In his testimony, Major said he had a full view of the robber, under good light, for a period of from five to seven minutes. Even if there was a question here of impermissible suggestiveness in the pretrial identification procedures, which there is not, there was a substantial independent basis for the in-court identification of Stephens by Major. That is enough. State v. Young, 534 S.W.2d 585, 589 (Mo.App.1976).
Stephens next asserts trial court error in refusing to allow three defense witnesses to testify that they had identified Stephens as the perpetrator of other robberies, but had subsequently recanted and identified Jan Don LaMont as the robber.
There is nothing in the record to indicate that LaMont committed any act linking him with the robbery for which Stephens was tried. This being so, the offered testimony was inadmissible. State v.
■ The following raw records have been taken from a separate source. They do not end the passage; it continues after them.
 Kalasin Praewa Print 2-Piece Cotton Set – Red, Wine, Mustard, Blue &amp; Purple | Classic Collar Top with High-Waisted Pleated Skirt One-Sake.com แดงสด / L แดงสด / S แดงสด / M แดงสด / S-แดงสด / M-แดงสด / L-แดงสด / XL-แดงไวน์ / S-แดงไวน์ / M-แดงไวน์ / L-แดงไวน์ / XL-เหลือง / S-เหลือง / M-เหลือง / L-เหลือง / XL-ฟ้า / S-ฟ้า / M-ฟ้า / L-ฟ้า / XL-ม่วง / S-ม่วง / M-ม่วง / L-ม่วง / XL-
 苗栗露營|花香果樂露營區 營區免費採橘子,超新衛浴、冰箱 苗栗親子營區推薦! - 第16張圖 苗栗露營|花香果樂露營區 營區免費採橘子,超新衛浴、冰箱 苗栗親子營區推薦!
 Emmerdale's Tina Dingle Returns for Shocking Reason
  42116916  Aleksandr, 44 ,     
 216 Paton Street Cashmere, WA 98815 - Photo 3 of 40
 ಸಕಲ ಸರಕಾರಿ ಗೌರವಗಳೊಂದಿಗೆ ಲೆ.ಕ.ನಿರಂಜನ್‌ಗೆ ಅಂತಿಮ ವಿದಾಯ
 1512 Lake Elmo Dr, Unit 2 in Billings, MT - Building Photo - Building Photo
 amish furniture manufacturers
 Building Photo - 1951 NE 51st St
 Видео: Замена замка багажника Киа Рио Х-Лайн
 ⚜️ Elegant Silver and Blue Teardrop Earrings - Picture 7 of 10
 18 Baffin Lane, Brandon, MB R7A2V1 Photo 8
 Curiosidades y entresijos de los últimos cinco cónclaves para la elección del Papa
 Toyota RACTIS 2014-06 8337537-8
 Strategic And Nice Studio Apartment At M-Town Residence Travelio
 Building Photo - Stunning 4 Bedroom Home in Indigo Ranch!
Umfrees, 433 S.W.2d 284, 287-288 (Mo. banc 1968).
Stephens next claims instructional error contending the trial court failed to define *108“serious physical injury.” That term was not used in instruction No. 6, the state’s verdict directing instruction (MAI-CR2d 23.02), which reads as follows:
INSTRUCTION NO. 6
As to Count I, if you find and believe from the evidence beyond a reasonable doubt:
First, that on or about October 4, 1983, in the County of Jasper, State of Missouri, the defendant stole money in the possession of Quik Shop, and
Second, that the defendant in doing so threatened the immediate use of physical force on or against George Major for the purpose of forcing George Major to deliver up the property, and
Third, that in the course of stealing the property, the defendant was armed with a deadly weapon,
then you will find the defendant guilty under Count I of robbery in the first degree.
However, if you do not find and believe from the evidence beyond a reasonable doubt each and all of these propositions, you must find the defendant not guilty of that offense.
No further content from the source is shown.